NEW YORK Drug maker MedPointe is courting controversy with a new TV spot for its allergy stopper Astelin that shows a user behind the wheel even though the drug's side effects can make users drowsy.
The ad, which broke this month, shows a woman in her car, stuck in traffic. Her car is then surrounded by a barbershop quartet, which advises her to try Astelin for her allergy symptoms.
The drug's official prescribing information sheet for doctors contains a warning that caution should be exercised "when driving a car or operating potentially dangerous machinery." Among the drug's main side effects are sleepiness (experienced by 11.5 percent of users), fatigue (2.3 percent) and dizziness (2 percent).
The ad comes as the media buzzes with stories of Ambien-induced driving accidents.
John Hawkins, evp and founder of MedPointe, stood by the ad: "The point of the scene is that she has not been dosed or taken Astelin," said Hawkins via e-mail last week. "The [singers] suggest that, after consulting her doctor, she may benefit from taking Astelin." Executives at the ad's creator, Interpublic Group's McCann Erickson in New York, could not be reached.

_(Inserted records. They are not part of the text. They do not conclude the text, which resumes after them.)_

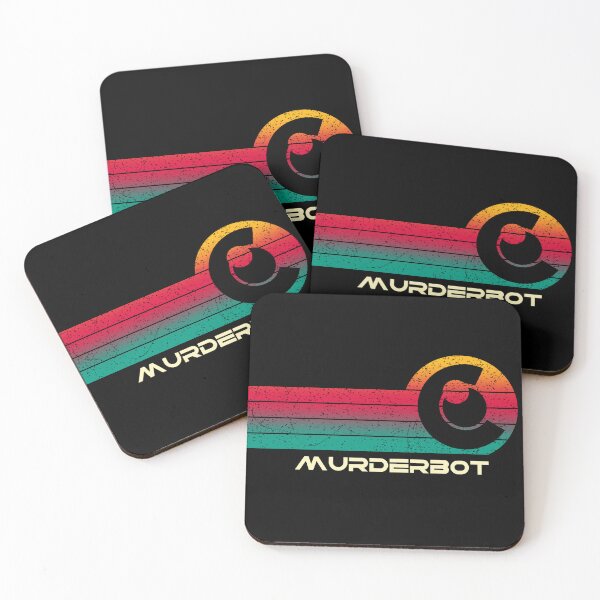 Item preview, Vintage SecUnit Murderbot Diaries designed and sold by Truck Stop One.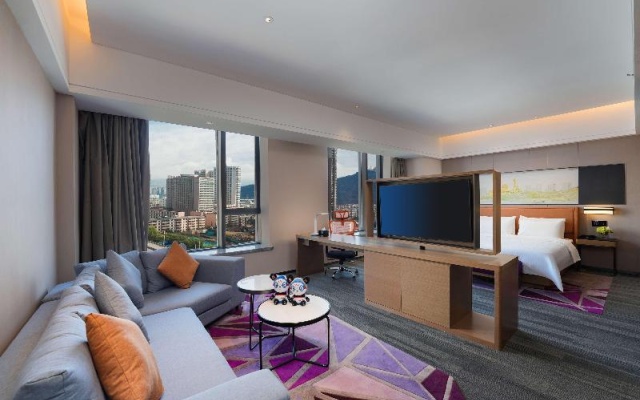 Hampton by Hilton Xining Shangri-La Road – Guest Rooms – Xining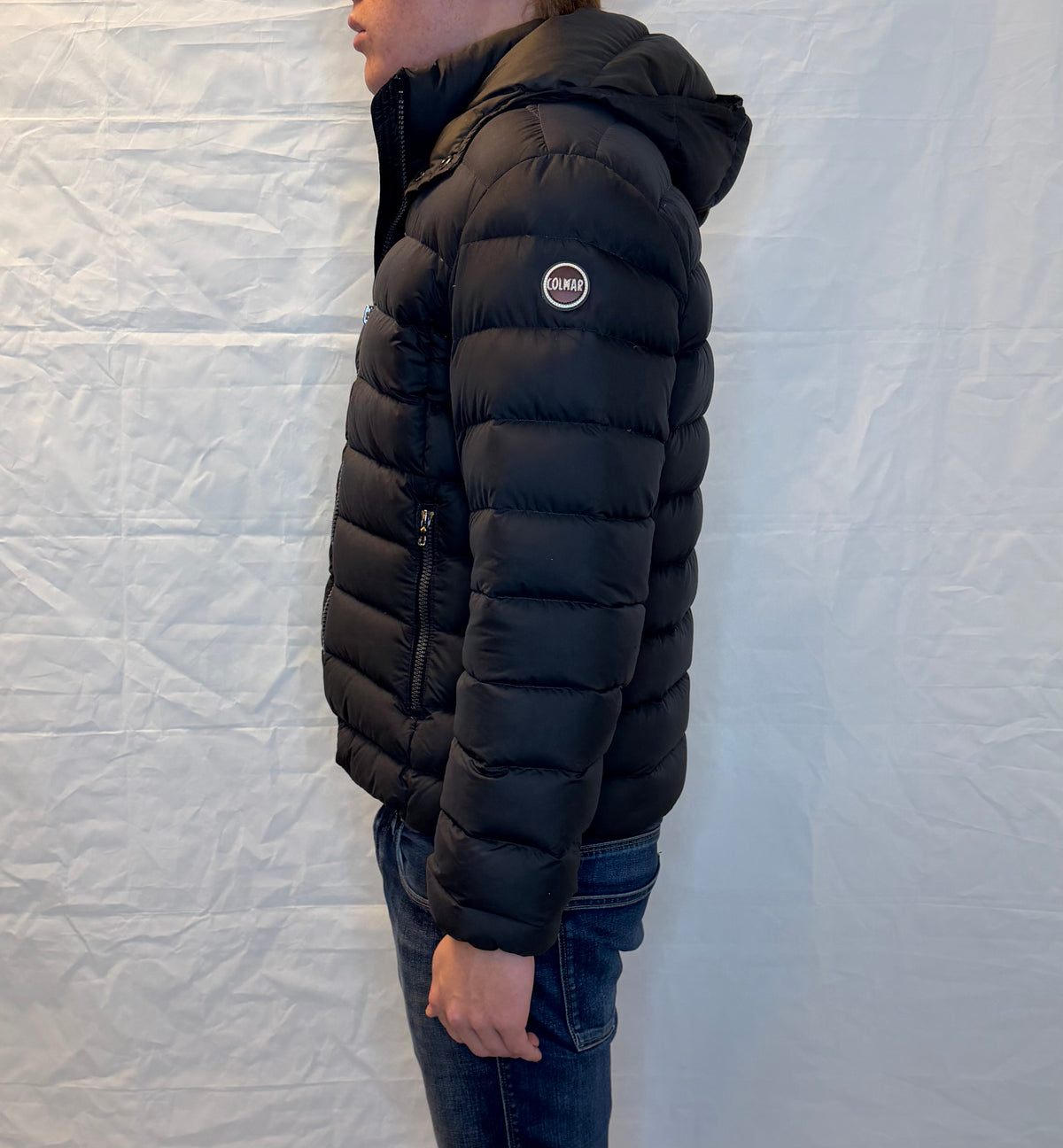 Colmar Jacket Black Men's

Medical professionals had mixed feelings about the ad. "I generally find DTC advertising inappropriate as these ads are marketing tools for the particular drug," said Dr. Andrew Murphy of Downingtown, Pa. "They do not, in general, 'advertise' a disease state and thus increase awareness."
Dr. Bruce Prenner, associate clinical professor at the University of San Diego's school of medicine in La Jolla, Calif., said the spot did not bother him since doctors can advise patients not to drive. "Where I get offended is when some commercials make you feel like they solve everything," he said.